- _YOUR INSTRUCTIONS_
Can you print the data exactly and leave out each image?

╭─ DATA PROVIDED

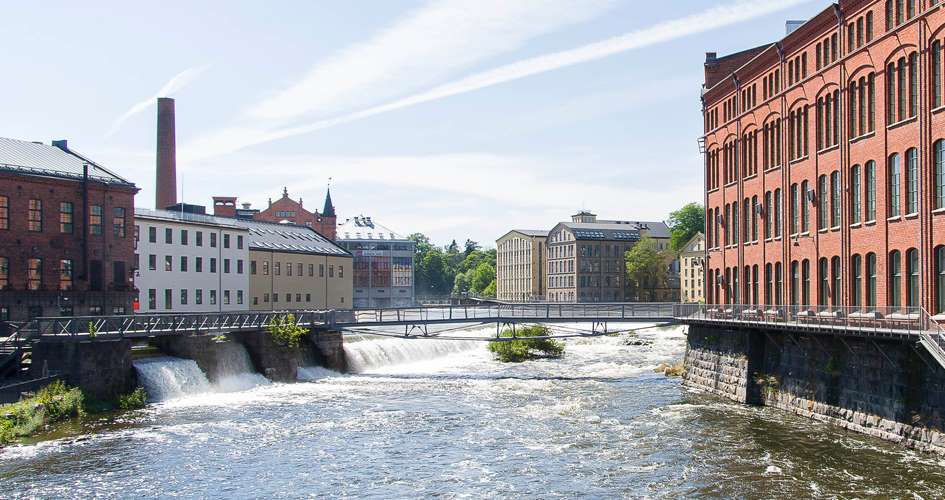 Bostadsrätter i Färgeriet ligger ett stenkast från Motala ström. I kvarteret hittar du allt från kvadratsmarta ettor till rymliga femmor och nästan alla hem har trevliga balkonger.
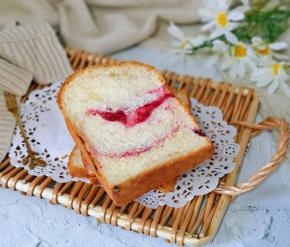 切开一个，迫不及待的吃了三片。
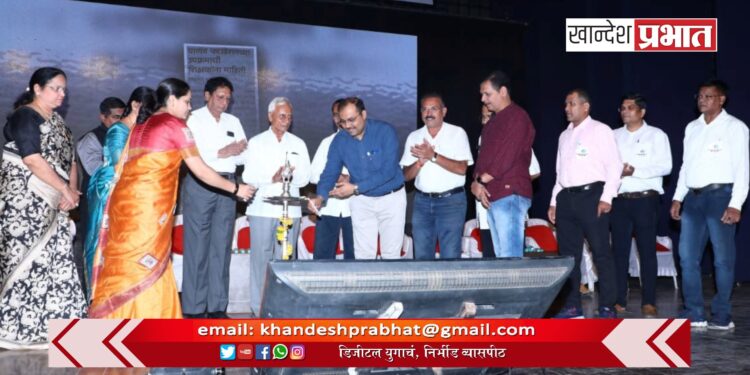 पाणंदतर्फे पुरस्कार वितरण आणि नली नाटकाच्या प्रयोगाचे सादरीकरण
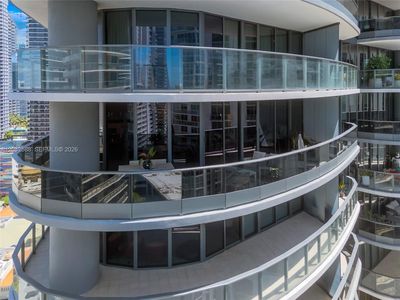 1000 Brickell Plz #2402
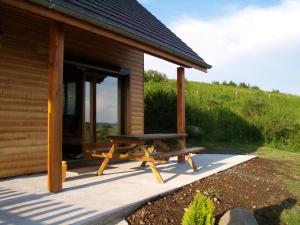 Chalet charmant à Saint-Gènes-Champespe avec parking privé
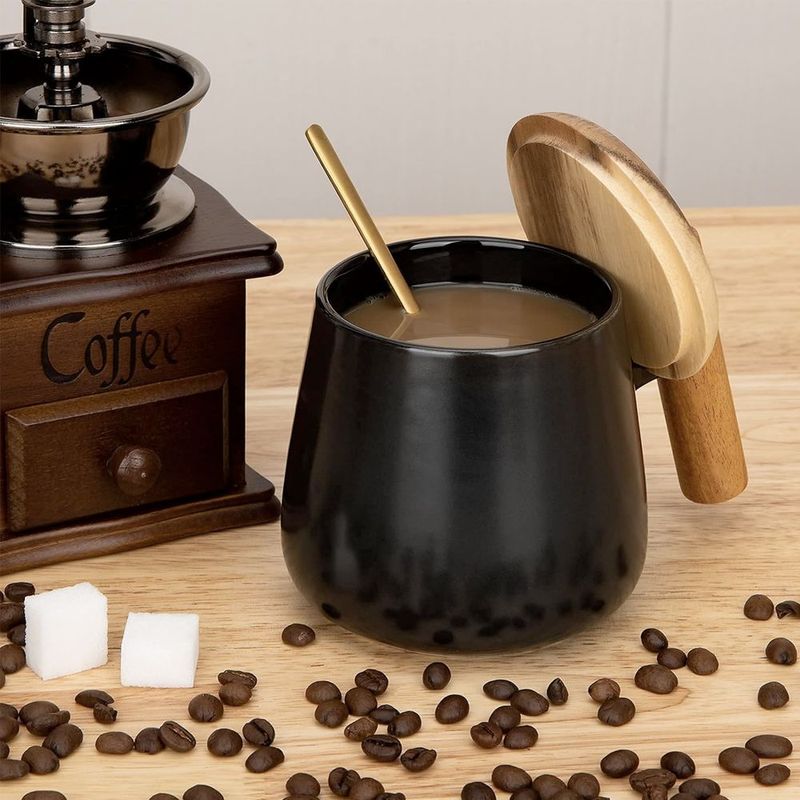 Casa si Gradina - Bucatarie si vesela - Cani si pahare - Cani si cesti - Set 2 cani cafea/ceai si lingurita,Quasar & Co.®,cu capac si maner bambus,lingurita inox,ceramica,350ml,roz pudrat/negru - Infinity.ro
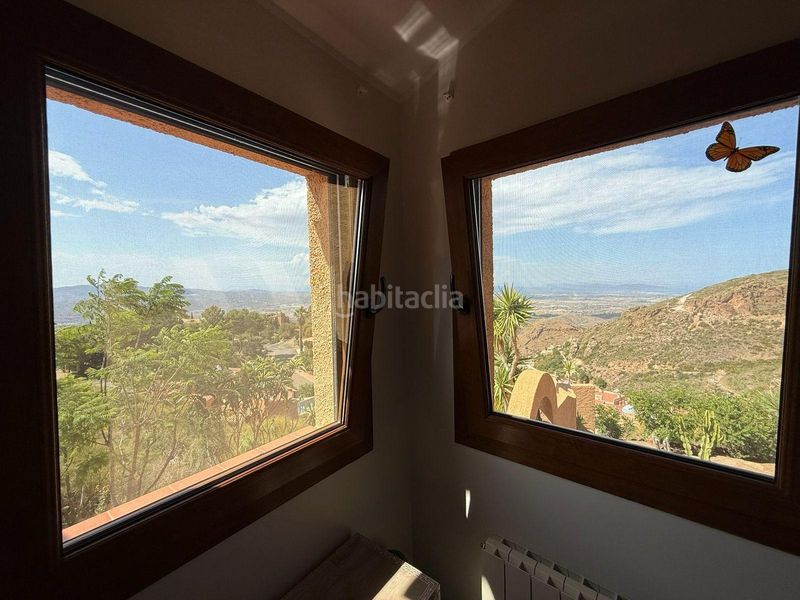 Foto f6e43207-b71a-4485-a4e7-f58a43991bc6. Xalet amb calefacció aparcament a Turre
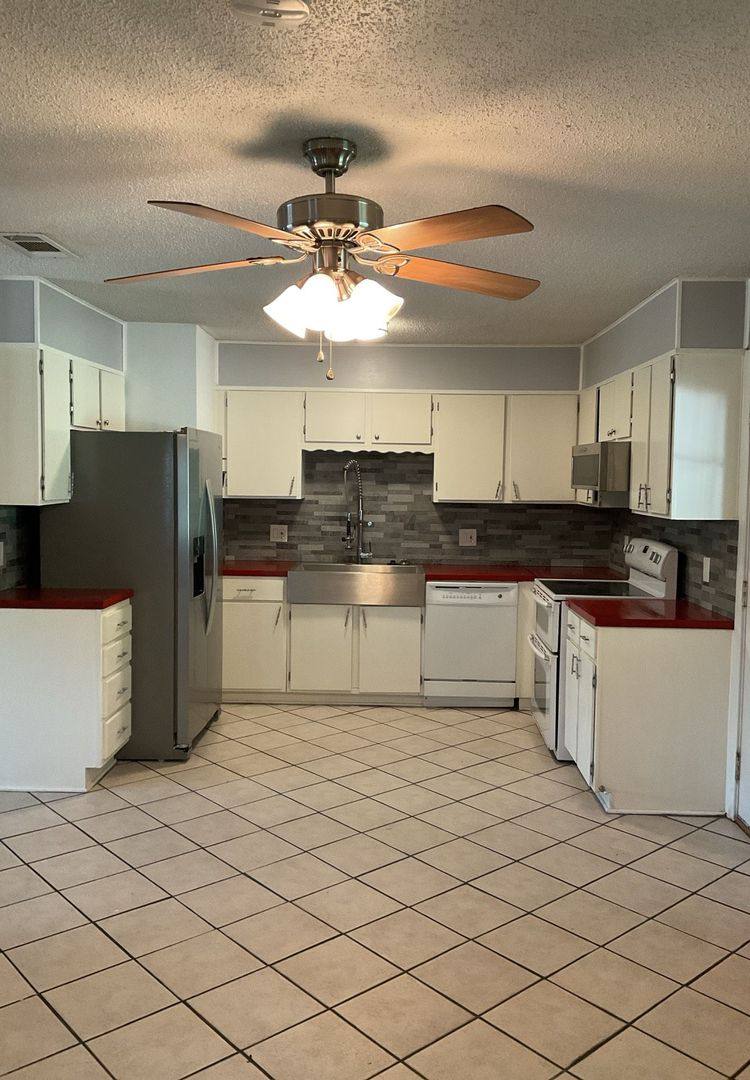 House for rent at 2009 Josie Circle, Copperas Cove, TX 76522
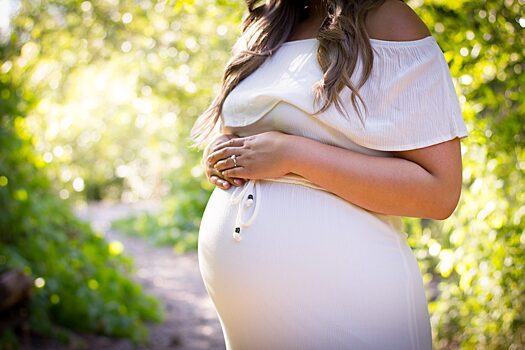 7 обычных вещей, которые можно носить во время беременности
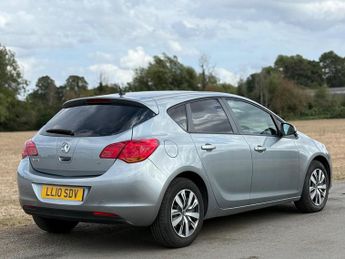Vauxhall Astra 1.6 16v Exclusiv Auto Euro 5 5dr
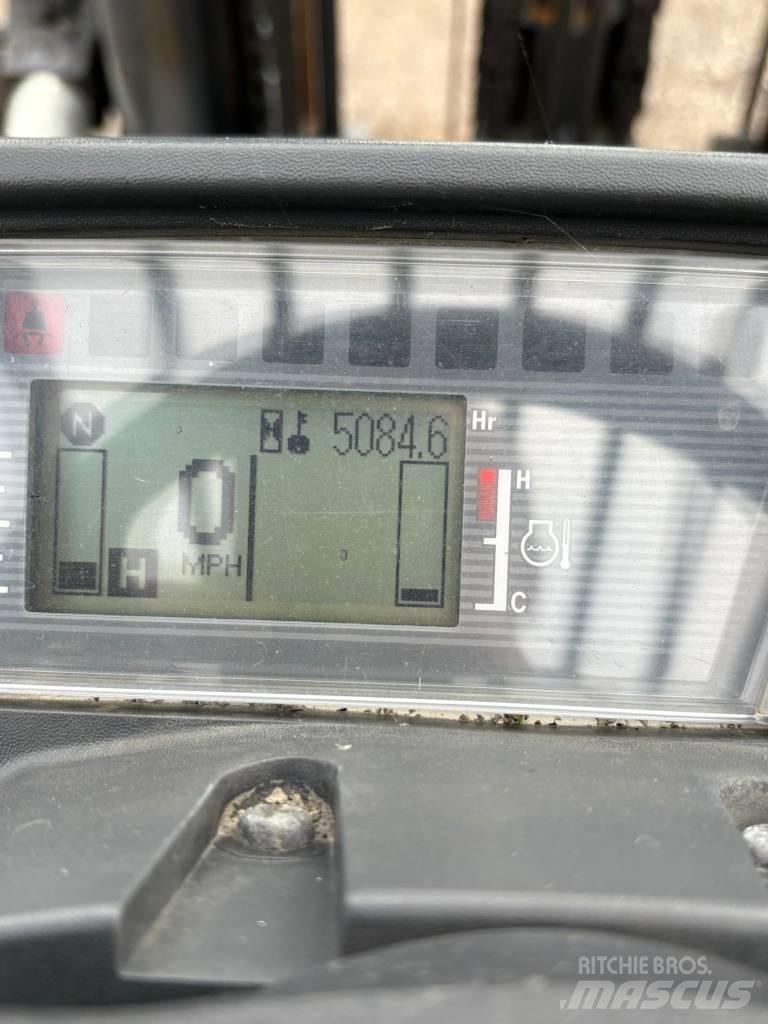 CAT DP40NT Дизелови камиони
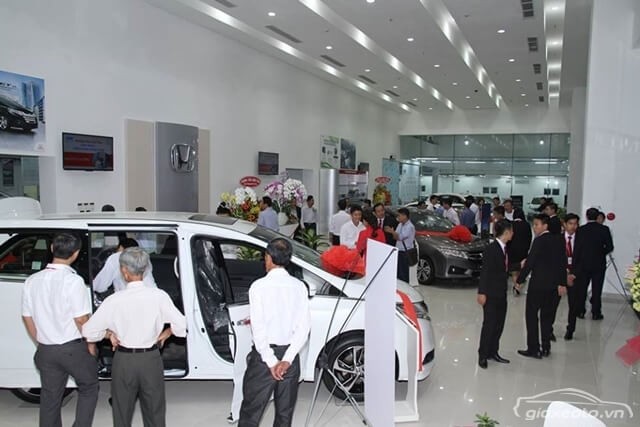 showroom-honda-long-bien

╰─

- _EXERCISE SOLUTION_
 Bostadsrätter i Färgeriet ligger ett stenkast från Motala ström. I kvarteret hittar du allt från kvadratsmarta ettor till rymliga femmor och nästan alla hem har trevliga balkonger.
 切开一个，迫不及待的吃了三片。
 पाणंदतर्फे पुरस्कार वितरण आणि नली नाटकाच्या प्रयोगाचे सादरीकरण
 1000 Brickell Plz #2402
 Chalet charmant à Saint-Gènes-Champespe avec parking privé
 Casa si Gradina - Bucatarie si vesela - Cani si pahare - Cani si cesti - Set 2 cani cafea/ceai si lingurita,Quasar & Co.®,cu capac si maner bambus,lingurita inox,ceramica,350ml,roz pudrat/negru - Infinity.ro
 Foto f6e43207-b71a-4485-a4e7-f58a43991bc6. Xalet amb calefacció aparcament a Turre
 House for rent at 2009 Josie Circle, Copperas Cove, TX 76522
 7 обычных вещей, которые можно носить во время беременности
Vauxhall Astra 1.6 16v Exclusiv Auto Euro 5 5dr
 CAT DP40NT Дизелови камиони
 showroom-honda-long-bien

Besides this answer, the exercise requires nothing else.